→ **Problem statement**
Write out again the lines from the line with "Tilehurst Road, Reading, Berkshire, RG30" up to and including the line with "Louis Vuitton Fabric Neverfull 152381712 2", exactly as they stand below, and skip any picture.

→ **Source records**
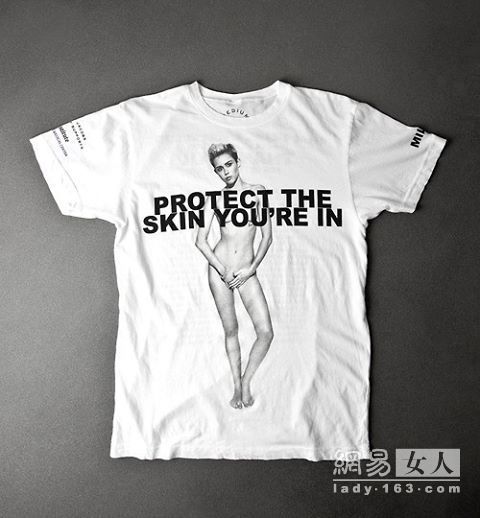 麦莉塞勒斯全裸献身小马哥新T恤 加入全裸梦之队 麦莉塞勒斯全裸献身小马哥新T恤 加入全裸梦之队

* * *

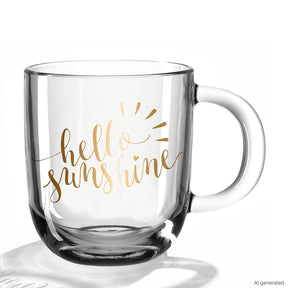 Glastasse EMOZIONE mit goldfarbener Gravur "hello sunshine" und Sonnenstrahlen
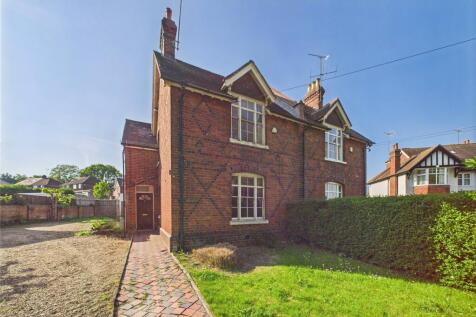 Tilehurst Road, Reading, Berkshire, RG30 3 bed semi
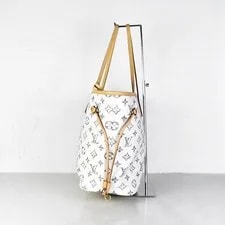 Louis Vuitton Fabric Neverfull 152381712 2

--

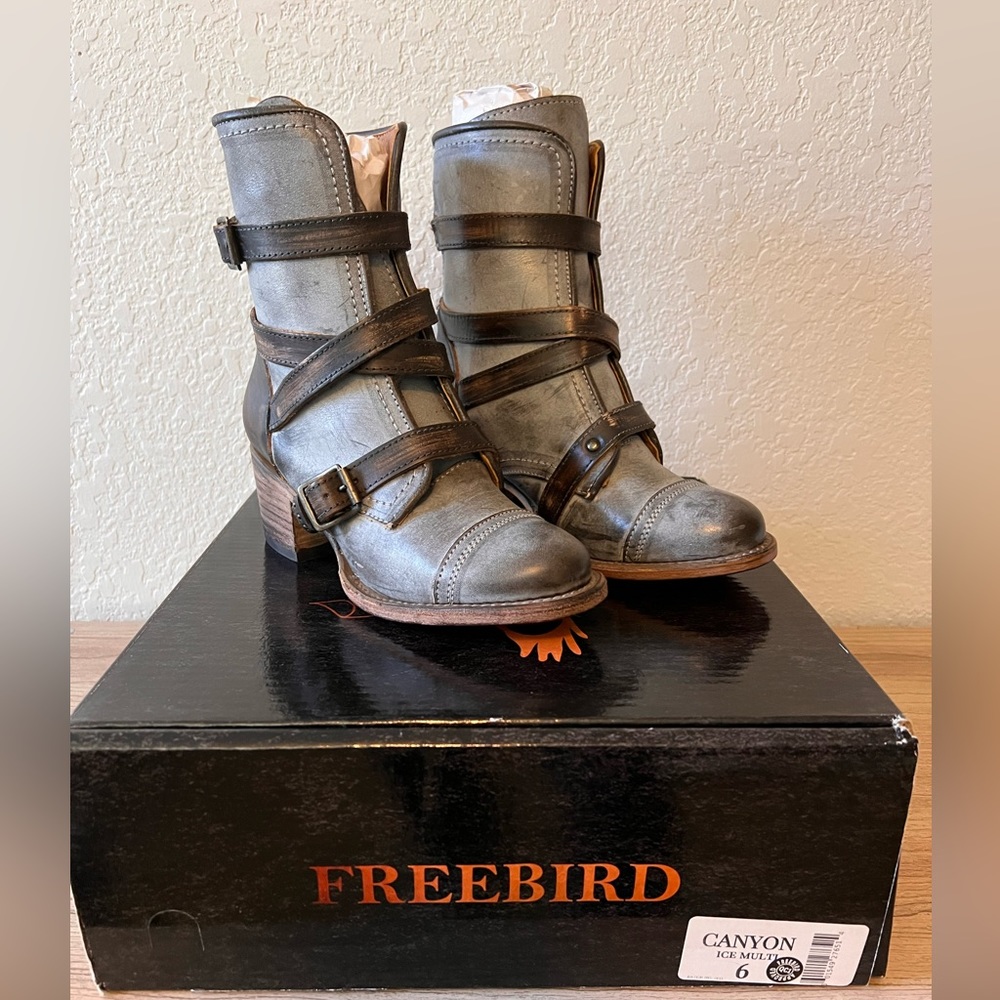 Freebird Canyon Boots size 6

→ **Output of the exercise**
 Tilehurst Road, Reading, Berkshire, RG30 3 bed semi
 Louis Vuitton Fabric Neverfull 152381712 2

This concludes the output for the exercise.